Why is RBI letting India's forex reserve fall?
Why is India unhappy with the COP29 deal?
Every year, countries from around the world come together for a big climate summit under the United Nations Framework Convention on Climate Change (UNFCCC). This year, the 29th Conference of Parties, or COP29, took place in Baku, Azerbaijan. These meetings aim to tackle climate change by setting goals, discussing funding, and finding ways to cut greenhouse gas emissions worldwide. But COP29 wasn’t just about ambitious goals—it quickly turned into a clash of interests, unkept promises, and growing frustration, especially for India.
Let’s break down what happened, focusing on India’s decision to reject the $300 billion climate finance deal and its strong stance on fossil fuels.

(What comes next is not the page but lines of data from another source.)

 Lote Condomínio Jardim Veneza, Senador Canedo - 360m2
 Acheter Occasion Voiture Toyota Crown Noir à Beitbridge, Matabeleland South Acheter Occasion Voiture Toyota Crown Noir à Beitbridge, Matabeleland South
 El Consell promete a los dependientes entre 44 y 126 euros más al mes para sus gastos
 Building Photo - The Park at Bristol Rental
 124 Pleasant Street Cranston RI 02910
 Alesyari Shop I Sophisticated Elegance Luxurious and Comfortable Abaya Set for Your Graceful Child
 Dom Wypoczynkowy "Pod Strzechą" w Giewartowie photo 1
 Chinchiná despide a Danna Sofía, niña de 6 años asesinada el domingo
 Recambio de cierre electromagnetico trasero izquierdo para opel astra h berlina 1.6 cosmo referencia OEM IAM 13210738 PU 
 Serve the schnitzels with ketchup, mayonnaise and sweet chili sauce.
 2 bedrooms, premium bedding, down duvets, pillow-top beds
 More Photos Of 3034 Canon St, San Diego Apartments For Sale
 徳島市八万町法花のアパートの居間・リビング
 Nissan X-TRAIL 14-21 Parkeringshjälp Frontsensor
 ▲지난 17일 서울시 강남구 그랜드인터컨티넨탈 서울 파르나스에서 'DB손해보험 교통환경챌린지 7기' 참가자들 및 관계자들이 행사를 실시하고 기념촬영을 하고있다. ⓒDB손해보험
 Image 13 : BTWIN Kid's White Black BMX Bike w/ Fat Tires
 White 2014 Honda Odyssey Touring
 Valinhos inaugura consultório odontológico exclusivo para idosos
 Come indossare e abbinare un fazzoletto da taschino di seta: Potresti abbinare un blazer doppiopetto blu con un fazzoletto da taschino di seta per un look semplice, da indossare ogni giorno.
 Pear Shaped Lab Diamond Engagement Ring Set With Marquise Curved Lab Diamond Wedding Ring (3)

This year’s summit was hosted by Azerbaijan, a country that heavily depends on exporting fossil fuels.
This choice sparked controversy from the start, with critics accusing Azerbaijan of favoring oil and gas interests during its presidency.
The main issues at COP29 included:
Setting a new climate finance goal to replace the $100 billion annual pledge made back in 2009.
Deciding whether to phase down or completely phase out fossil fuels.
Establishing rules for carbon markets under Article 6 of the Paris Agreement.
India found itself at the center of heated debates on both climate finance and fossil fuels. Let’s break these issues down.
So, where did this $300 billion figure come from? That’s the big question—and to answer it, we need to look back at how the climate finance conversation started.
In 2009, during COP15 in Copenhagen, developed countries promised to mobilize $100 billion every year by 2020. The idea was to help developing nations adapt to climate change and reduce their emissions.
But here’s the catch: the $100 billion wasn’t based on any detailed analysis of actual needs. Experts later criticized it as a convenient number, more about politics than addressing real problems. It was meant to satisfy developing countries without committing to something too ambitious.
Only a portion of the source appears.